И все для меня сразу переменилось. Моя обида на весь свет растаяла без следа. Какая ерунда – все эти мелкие неудобства и даже грядущие родовые схватки! Ведь это связано с появлением на свет моего дорогого сыночка, который вскоре родится и будет расти и расти, пока не займет то место, что принадлежит ему по праву.
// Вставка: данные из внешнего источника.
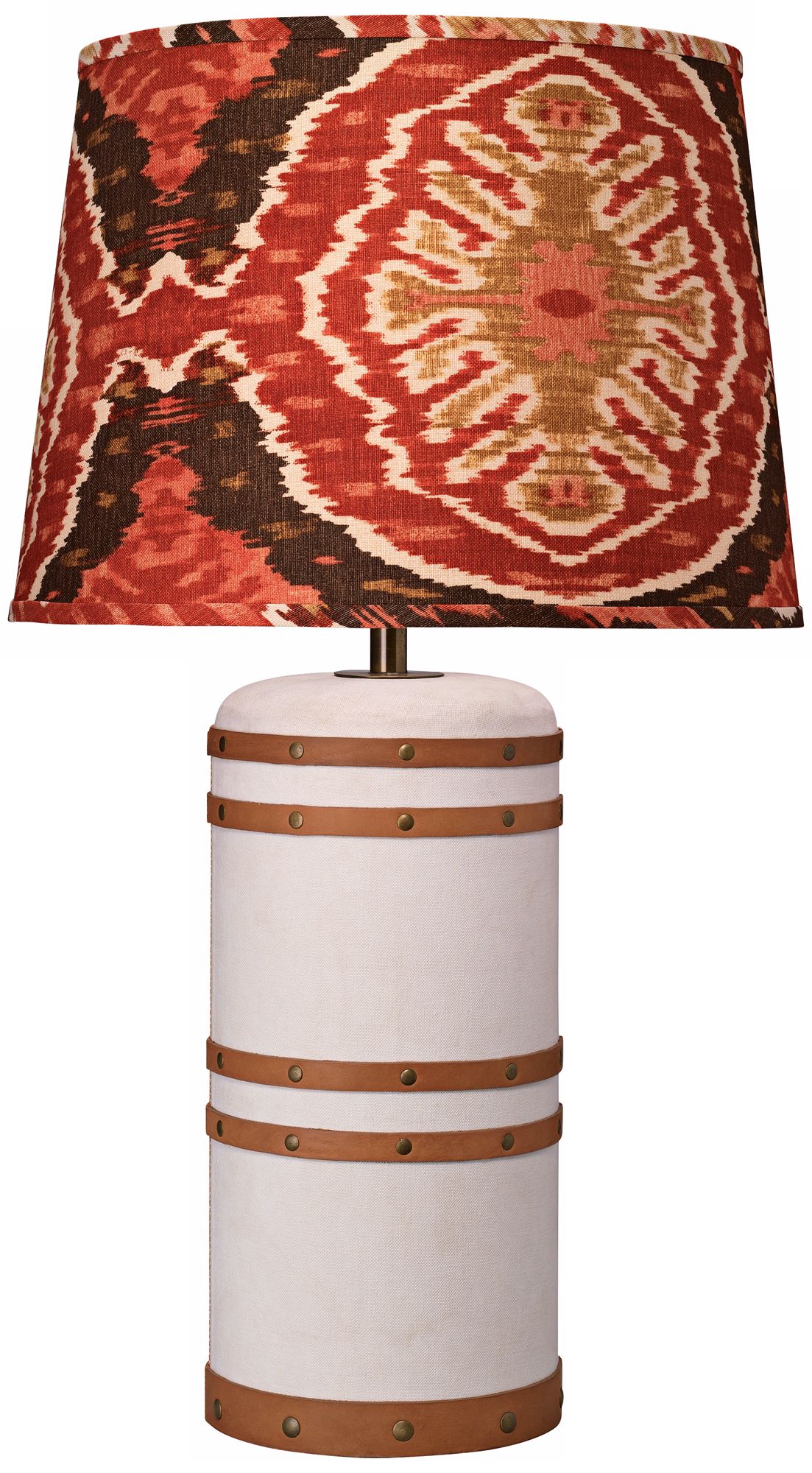 Jamie Young Barrel Ikat and Vintage Canvas Buffet Lamp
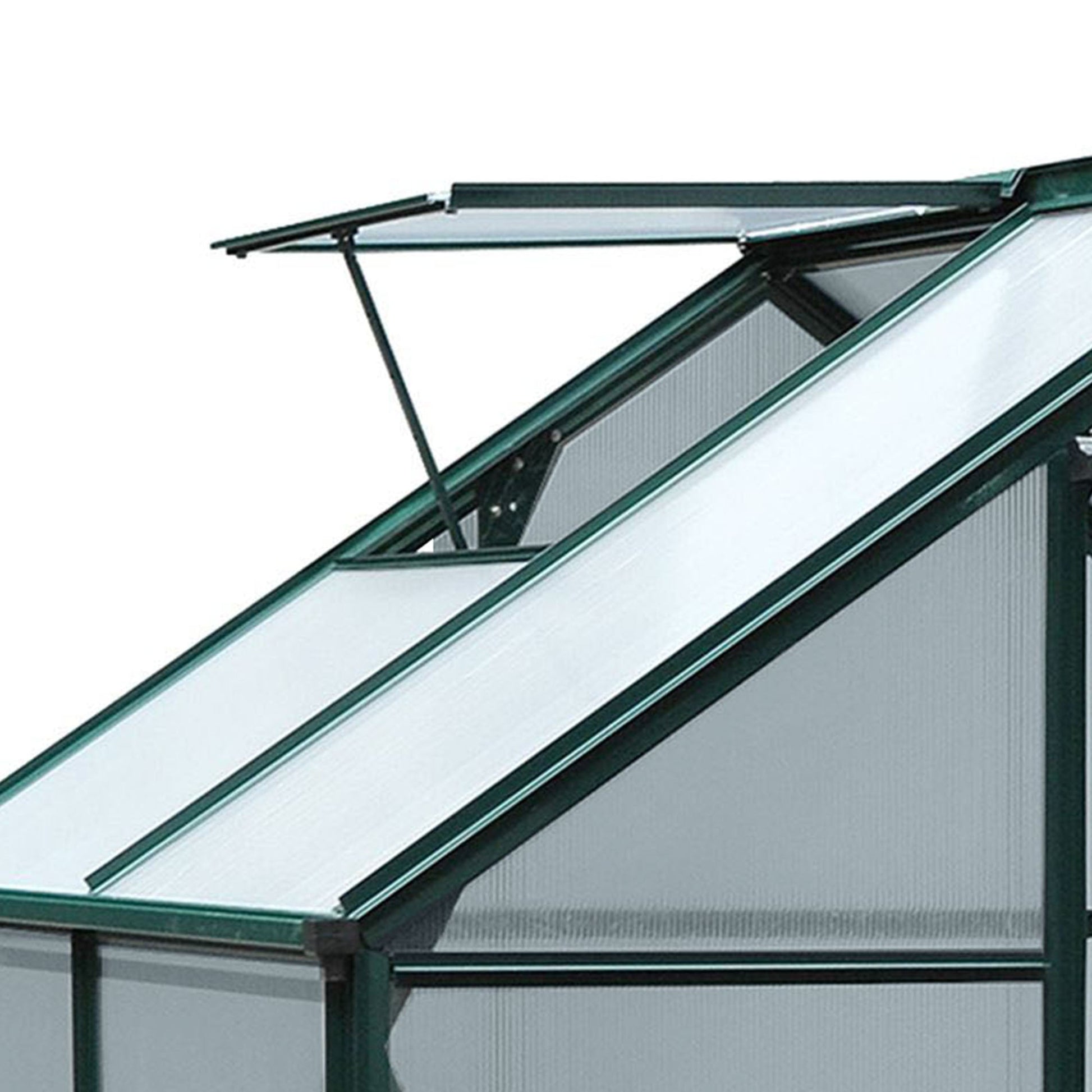 6' x 4' x 6.6' Polycarbonate Greenhouse, Walk-In Green House Kit Garden, Plants Grow, Galvanized Sheet Aluminum Frame with Rain Gutter, Vent and Sliding Door, Green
И я опять вернулась к мысли о том, что, может быть, стоило бы рассказать обо всем Гарри, сыграв на его гордости по поводу того, что у него будет сын и наследник. И снова какой-то внутренний голос предостерег меня от этого и велел действовать как можно осторожней. Гарри, безусловно, принадлежал мне, и это «свадебное» путешествие служило тому лишним доказательством. Каждый вечер, когда с наступлением темноты в комнаты вносили свечи или, если мы ужинали на воздухе, зажигали светильники, взгляд Гарри неизменно обращался ко мне, и он, похоже, переставал замечать что-либо вокруг; он видел лишь блеск моих волос в мерцающем свете и следил лишь за выражением моего лица. Вскоре Селия, тихонько извинившись, вставала из-за стола, а мы с Гарри еще долго сидели вдвоем. Эти вечера и эти ночи целиком принадлежали мне; мы в течение долгих часов дарили наслаждение друг другу, а потом засыпали, крепко обнявшись. Днем, впрочем, мне приходилось делить Гарри с Селией, и я замечала, что между ними начинают возникать некие любовно-интимные отношения, но помешать этому, разумеется, никак не могла.
Впрочем, еще когда мы плыли на том распроклятом корабле, у Селии установились с Гарри очень приятные, легкие и простые отношения. Ей доставляло удовольствие быть ему полезной, утешать его, если он устал или плохо себя чувствует; ей нравилось обустраивать наши комнаты в различных отелях, так что любой самый обычный номер становился и более уютным, и более элегантным. Селия, болезненно застенчивая, страдающая от постоянной неуверенности в своем французском, тем не менее, решительно спускалась на кухню и вступала в спор с самим шеф-поваром, доказывая ему, например, что он неправильно заваривает чай. И она вполне способна была остаться на кухне до тех пор, пока все не будет сделано именно так, как нравится Гарри, хоть и вызывала своей настойчивостью неизменное негодование слуг.